Say I have a multiclass problem with a dataset as this:
user_id price target
-------+--------+-----
1 30 apple
1 20 samsung
2 32 samsung
2 40 huawei
.
.
where I have a lot of users i.e One Hot Encoding (OHE) is not doable. Target-encoders such as CatBoost have achieved great results for target encoding categorical features. The issue is, I can only find CatBoost/target-encoder for binary classification/regression (which makes sense, in some way).

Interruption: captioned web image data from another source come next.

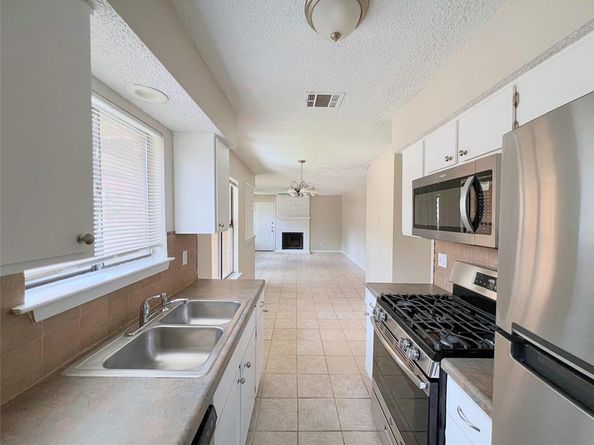 101 Clearday DR 106, Austin TX 78745
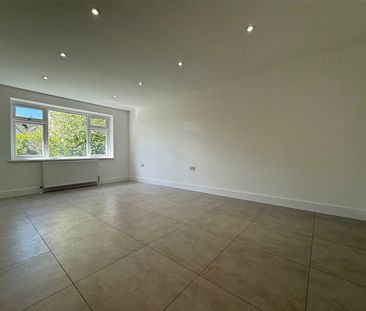 Mytchett Road, Mytchett, Camberley, Surrey, GU16 - Photo 1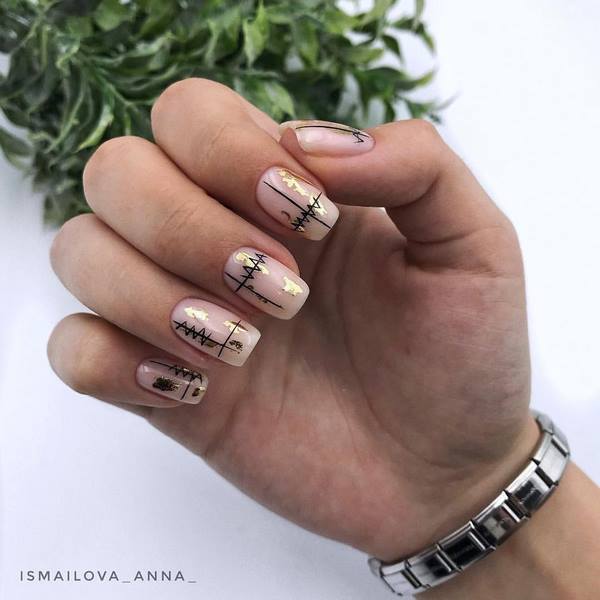 Manicure yang mengagumkan dengan kerajang 2024-2025 - barangan dan gaya baru fesyen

Right now I have overcommed the issue by target-encode each class in the target, by OHE the target (since it often has fewer categories), and then "target-encoded" the user_id for each OHE encoding e.g with these two steps:
- OHE the target
user_id price ohe_apple ohe_samsung ohe_huawei
-------+-------+-----------+-------------+------------
1 30 1 0 0
1 20 0 1 0
2 32 0 1 0
2 40 0 0 1
- target-encode
user_idfor eachohe_-column (the numbers are just made up for the illustration):
price user_id_apple user_id_samsung user_id_huawei
-----+--------------+----------------+---------------
30 0.5 0.6 0
20 0.5 0.6 0
32 0 1 0
40 0 0 1
.
.
I have achieved a notable increase of performance in e.g neural network with this approach (where OHE cannot fit into the GPU) but I wonder if there is some target-encoder for high-cardinality features (like user-id) in a multiclass classification, for e.g CatBoost?